[DTrace-devel] [PATCH] Implement the io provider
Eugene Loh
eugene.loh at oracle.com
Fri Dec 8 19:30:48 UTC 2023
There were already some comments from Nick. Off-line, I send some test
tweaks to Kris. Sounds like Kris is exploring some other issues.
Meanwhile, just a few other minor comments below:
On 11/30/23 10:59, Kris Van Hees via DTrace-devel wrote:
> diff --git a/libdtrace/dt_prov_io.c b/libdtrace/dt_prov_io.c
> @@ -0,0 +1,669 @@
> +/*
> + * Oracle Linux DTrace.
> + * Copyright (c) 2023, Oracle and/or its affiliates. All rights reserved.
> + * Licensed under the Universal Permissive License v 1.0 as shown at
> + * http://oss.oracle.com/licenses/upl.
> + *
> + * The 'io' SDT provider for DTrace-specific probes.
> + *
> + * These io::: probes mimic the instrumentation in legacy DTrace.
> + * Specifically, all probes have three probe args:
> + * bufinfo_t *
> + * devinfo_t *
> + * fileinfo_t *
> + * but the trampoline really only needs to supply a bio pointer,
> + * from which translators will make the first two args. The fileinfo_t *
> + * is 0 on Linux.
> + *
> + * The bio pointer is passed into some functions and is easily captured
> + * if we are using an fbt:::entry probe on such a function. See
> + * DTRACE_IO() sites in the legacy implementation.
Yes, though the comment should perhaps also acknowledge that we are now
also (heavily) using raw tps.
> + * For fbt:::entry probes on nfs_ and xfs_ functions, however, get only
> + * a hdr arg. For them, we have a "fake struct bio", which the trampoline
> + * populates from the function's hdr arg. See DTRACE_IO_NFS() and
> + * DTRACE_IO_XFS() sites in the legacy implementation.
Yes but again perhaps acknowledge rawtp.
> + * In some cases, we have to use fbt:::return probes, for which we no
> + * longer have the function's arguments.

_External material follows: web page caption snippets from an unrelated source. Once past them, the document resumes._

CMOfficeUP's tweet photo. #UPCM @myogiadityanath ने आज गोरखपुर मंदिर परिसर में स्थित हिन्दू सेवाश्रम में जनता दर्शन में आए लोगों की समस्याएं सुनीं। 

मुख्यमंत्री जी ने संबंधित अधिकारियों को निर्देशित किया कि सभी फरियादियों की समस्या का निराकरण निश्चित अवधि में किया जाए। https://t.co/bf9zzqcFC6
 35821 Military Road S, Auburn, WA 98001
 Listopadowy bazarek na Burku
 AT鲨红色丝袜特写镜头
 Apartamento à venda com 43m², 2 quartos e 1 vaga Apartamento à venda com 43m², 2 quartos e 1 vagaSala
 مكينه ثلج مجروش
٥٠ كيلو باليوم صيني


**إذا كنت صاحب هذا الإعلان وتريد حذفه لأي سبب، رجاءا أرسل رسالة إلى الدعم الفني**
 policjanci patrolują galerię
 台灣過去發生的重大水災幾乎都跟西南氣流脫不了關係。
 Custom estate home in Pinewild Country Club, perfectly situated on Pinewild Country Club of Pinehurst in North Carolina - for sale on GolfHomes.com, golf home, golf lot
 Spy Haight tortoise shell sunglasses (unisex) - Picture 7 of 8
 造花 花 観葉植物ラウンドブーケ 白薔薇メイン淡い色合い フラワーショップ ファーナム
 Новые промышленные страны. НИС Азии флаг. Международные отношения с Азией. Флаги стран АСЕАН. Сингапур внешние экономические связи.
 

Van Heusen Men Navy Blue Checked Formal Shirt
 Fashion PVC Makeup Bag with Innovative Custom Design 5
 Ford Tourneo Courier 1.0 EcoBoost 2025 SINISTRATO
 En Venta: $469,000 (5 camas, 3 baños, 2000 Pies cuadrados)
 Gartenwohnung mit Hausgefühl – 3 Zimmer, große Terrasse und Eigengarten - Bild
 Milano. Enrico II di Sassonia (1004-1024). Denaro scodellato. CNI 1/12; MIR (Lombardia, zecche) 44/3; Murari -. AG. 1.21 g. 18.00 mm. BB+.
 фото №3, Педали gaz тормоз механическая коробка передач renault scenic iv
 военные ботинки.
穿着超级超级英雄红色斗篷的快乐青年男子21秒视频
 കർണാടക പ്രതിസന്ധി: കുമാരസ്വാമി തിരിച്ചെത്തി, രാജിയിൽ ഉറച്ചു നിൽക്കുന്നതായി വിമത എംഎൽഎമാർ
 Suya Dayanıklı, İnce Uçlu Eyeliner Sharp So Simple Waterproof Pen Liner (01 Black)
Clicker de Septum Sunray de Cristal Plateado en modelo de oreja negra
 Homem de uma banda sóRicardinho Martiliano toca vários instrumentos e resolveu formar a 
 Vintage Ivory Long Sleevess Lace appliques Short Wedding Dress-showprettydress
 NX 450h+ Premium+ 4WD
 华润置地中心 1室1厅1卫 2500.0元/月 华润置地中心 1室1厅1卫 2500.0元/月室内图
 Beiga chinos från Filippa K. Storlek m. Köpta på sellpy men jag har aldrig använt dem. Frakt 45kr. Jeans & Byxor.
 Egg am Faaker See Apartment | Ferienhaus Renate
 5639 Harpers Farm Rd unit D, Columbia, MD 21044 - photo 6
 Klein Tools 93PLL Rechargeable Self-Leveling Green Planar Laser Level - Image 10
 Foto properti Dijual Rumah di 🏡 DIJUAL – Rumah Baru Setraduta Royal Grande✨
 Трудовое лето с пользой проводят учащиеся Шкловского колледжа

So, these cases rely on the
> + * corresponding entry probe to cache the bio pointer (or populate the
> + * fake bio), which the return probe can then retrieve.
Kind of. At this point, only one fbt:::return case remains, so might as
well specify which one.
> + * Unfortunately, more than one function may be active at any time (on a
> + * CPU). So the return function needs to know which bio pointer or fake
> + * bio to use. These rules are used:
> + *
> + * - For nfs_ and xfs_ functions, just use the fake bio.
> + *
> + * - For most other functions, use the bio pointer for that
> + * function.
> + */
Obsolete? Just use TLS for the one remaining fbt:::return case?
> +/*
> + * For NFS events, we have to construct a fake struct bio, which we have to
> + * populate from the nfs_pgio_header argument the underlying probe provides.
> + */
> +static void io_nfs_args(dtrace_hdl_t *dtp, dt_irlist_t *dlp, uint_t exitlbl,
> + const char *prb, const char *uprb)
The uprb isn't really the uprobe probe name anymore. Might "funcname"
or something make more sense?
> +{
> + [...]
> +}
> +
> +/*
> + * For XFS events, we have to construct a fake struct bio, which we have to
> + * populate from the xfs_buf argument the underlying probe provides.
> + */
> +static void io_xfs_args(dtrace_hdl_t *dtp, dt_irlist_t *dlp, uint_t exitlbl)
> +{
> + int off;
> + size_t siz;
> +
> + /*
> + * Determine the various sizes and offsets we want.
> + *
> + * // Access these fields relative to &bio.
> + * struct bio bio = {
> + * .bi_opf = ...,
> + * .bi_iter.bi_size = ..., // struct bvec_iter bi_iter
> + * .bi_iter.bi_sector = ...,
> + * .bi_bdev = ..., // -or- .bi_disk = ...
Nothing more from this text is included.